I know why, and it's kinda funny, but this is why we can't have nice things.
It makes sense, in hindsight. On enwiki at least, most bits of punctuation only return one or two results, which means language ID gets run on them. Then it's more or less random which language shows up as a match. Many languages have articles on punctuation, so you get results.
This doesn't happen with strings of emoji, which may be identified as some language but get no hits in the other wiki.
One solution, as here, is to refuse to do language ID on short strings. Another is to not return stuff that's a poor match for all languages (like strings of emoji) as in T149320.
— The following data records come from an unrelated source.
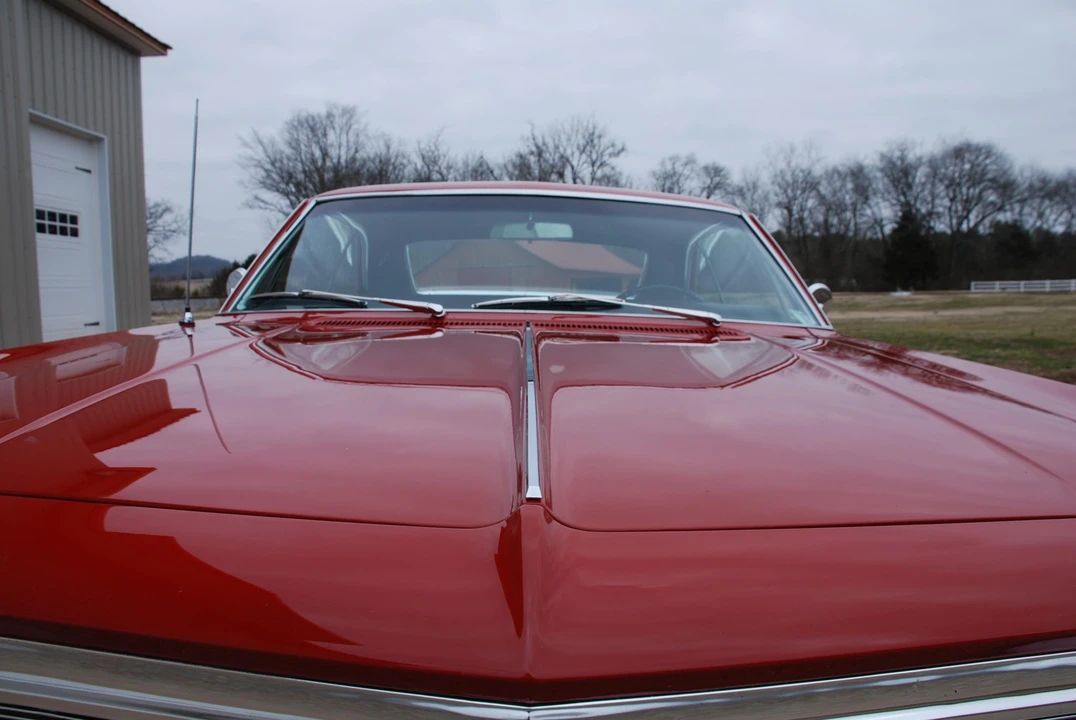 1966 Chevrolet Impala 4th Gen - Image 18 of 31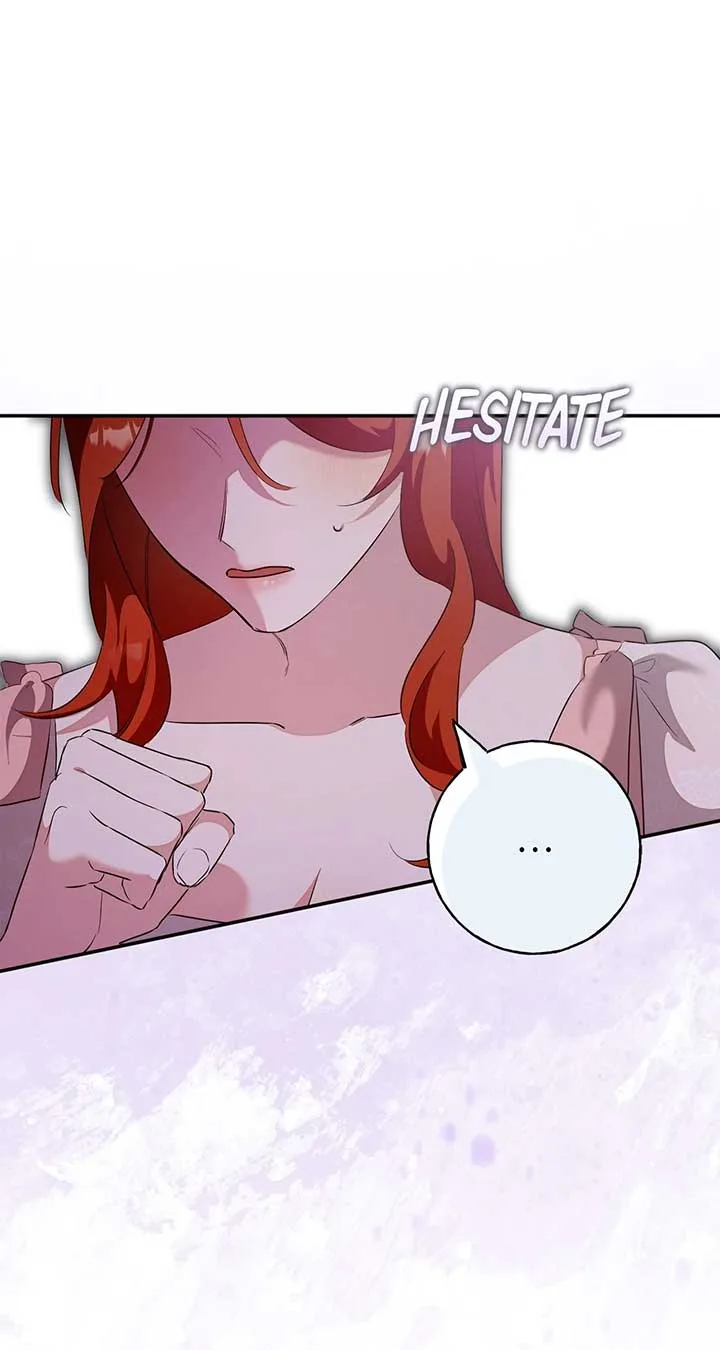 The Saintess Returns To The Emperor Chapter 70 page 16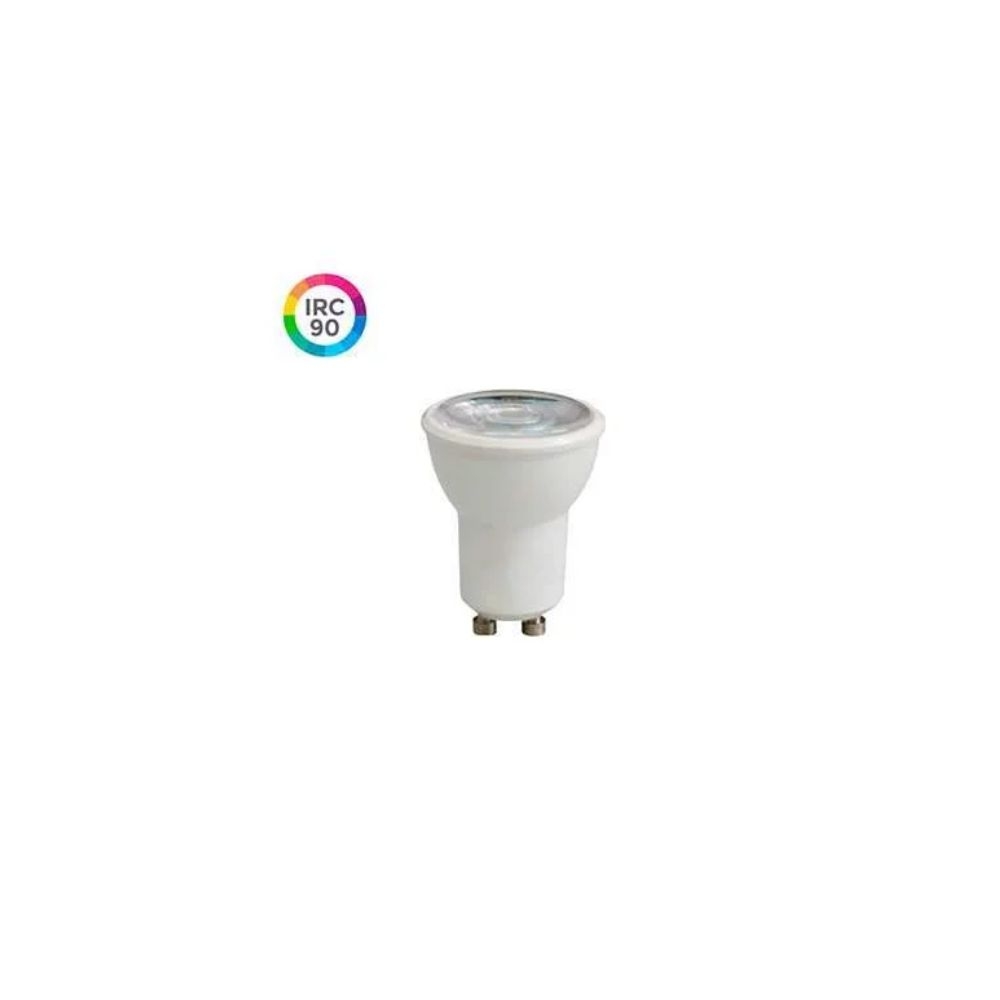 LAMP LED MR11 4W 27° 4000K IRC90  NORDECOR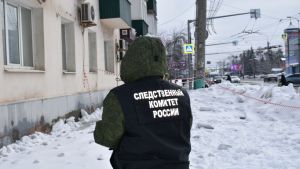 В Пензе директора УК осудили после падения льда на 17-летнего юношу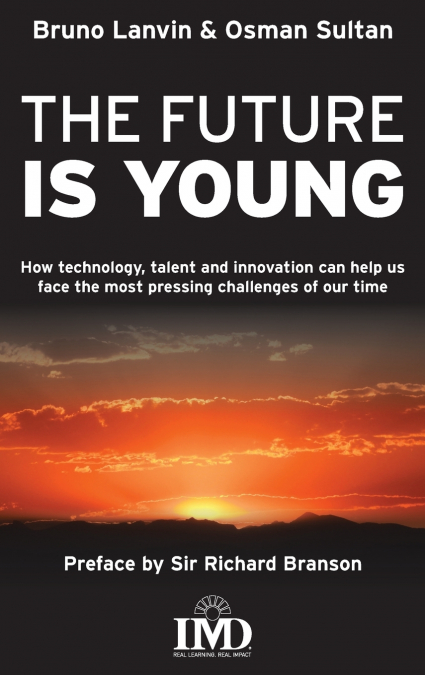 The Future is Young
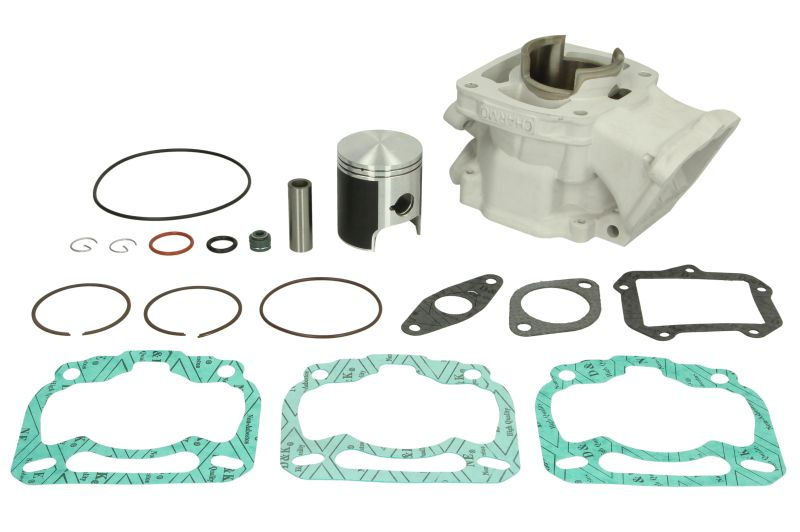Cilindru Motor Moto Inparts Gy6 IP000441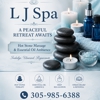 L J Spa gallery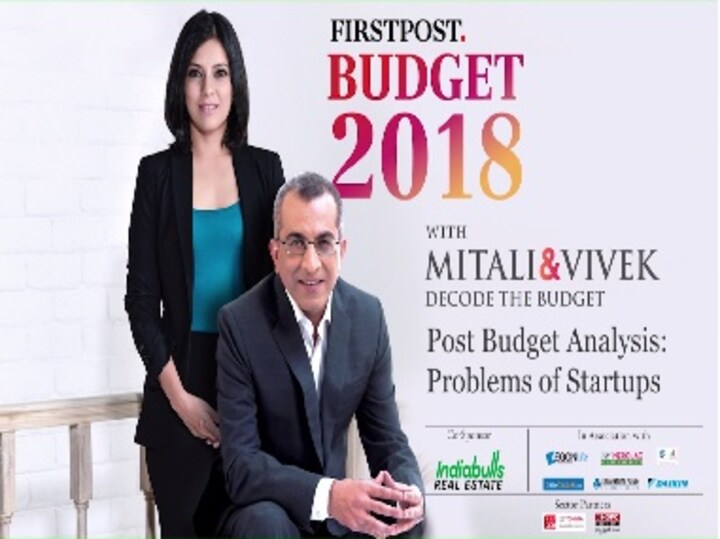 Decoding Budget 2018: Problems of startups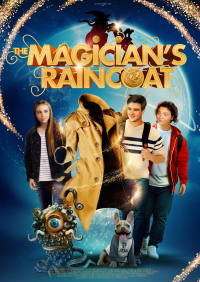 L'Imperméable Magique
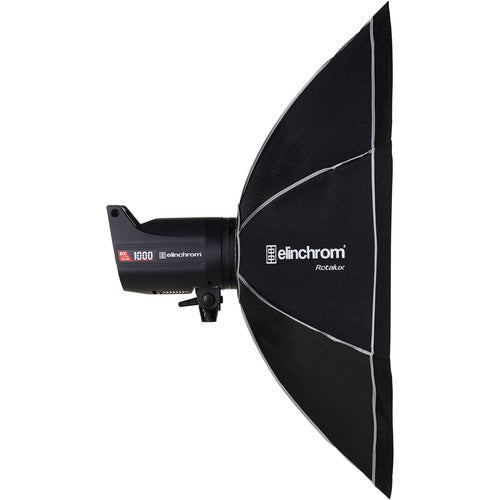 Elinchrom Rotalux Octabox 39in (100cm) from www.thelafirm.com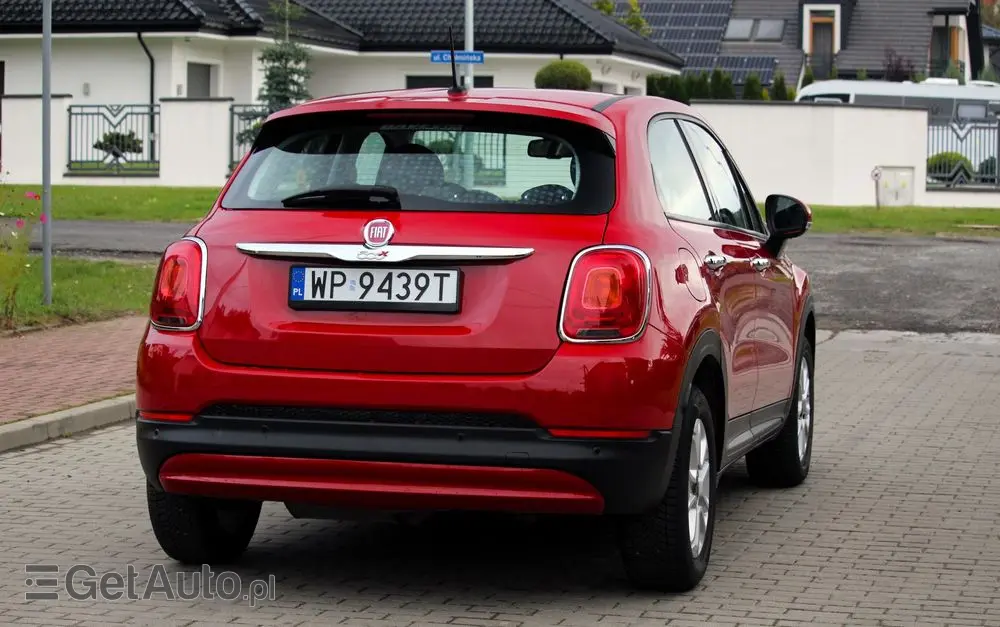 FIAT 500X 1.6 Multijet 4x2 S&S S-Design Urban Look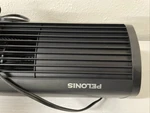 Pelonis 42" 6 Speeds Tower 90 Oscillating Fan. Base Bracket Broken!. Fixed Price $29.99.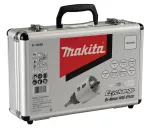 MAKITA ZESTAW OTWORNIC BIM EZYCHANGE  7szt. 25,32,40,51,65,68,76mm+2W+ ADAPTER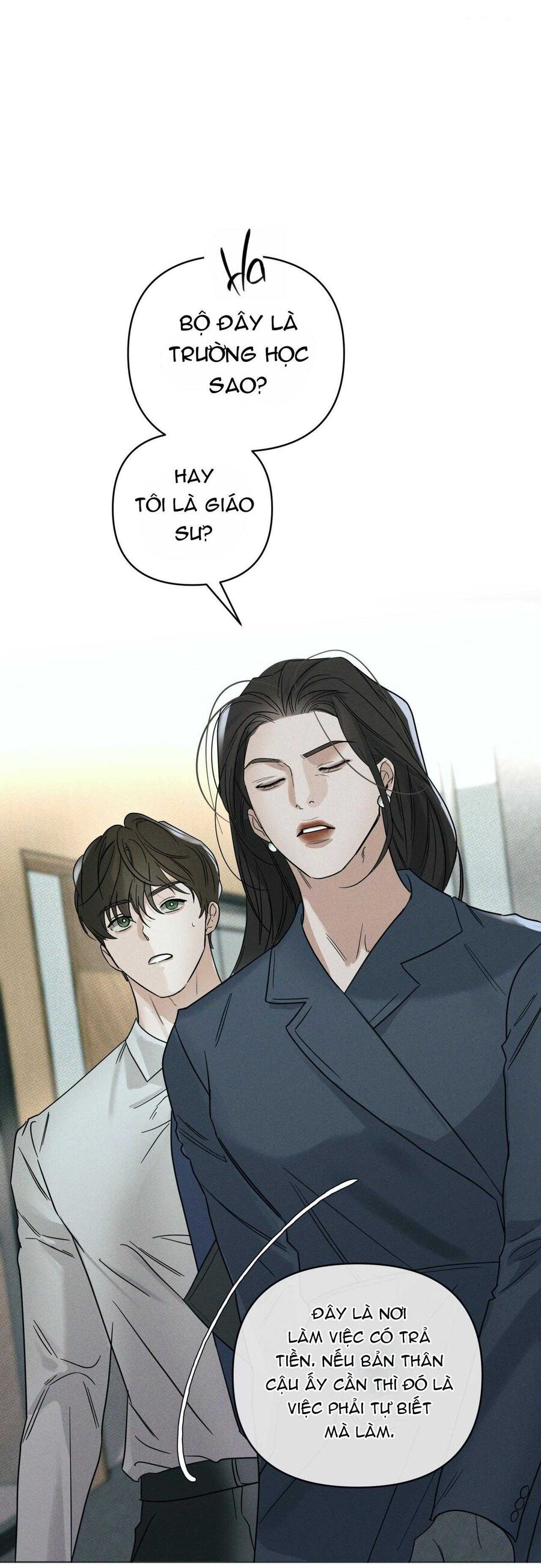 Ôi Kẻ Thù Thân Yêu! Chapter 32 - 14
Another option I just thought of is not doing language ID if there is a result that is an exact title or redirect match for the query. That would fix this problem, but could prevent interesting cross-language matches for something that only has one article on the current wiki. I tried to find examples with place names on enwiki, but enwiki is too thorough. Could happen elsewhere, but I don't have an example in hand yet.
I found another corner case I hadn't considered before: if the string is made up entirely of non-word characters (like a number), then it is reduced to the empty string, which scores a perfect "0" for all language models! Usually ar (Arabic) is returned because it's first alphabetically.
As an example, searching enwiki for 14786430410001720363 (part of a DOI number) gets results on arwiki. Ugh.
I'll fix this and upload another patch, and double check that it doesn't affect my earlier analysis in any meaningful way. (I predict no effect, but I'll make sure.)
I've changed the task title to reflect that this doesn't actually implement a minimum query length, but it does add the infrastructure in the code such that a minimum query length can be added very easily in the future.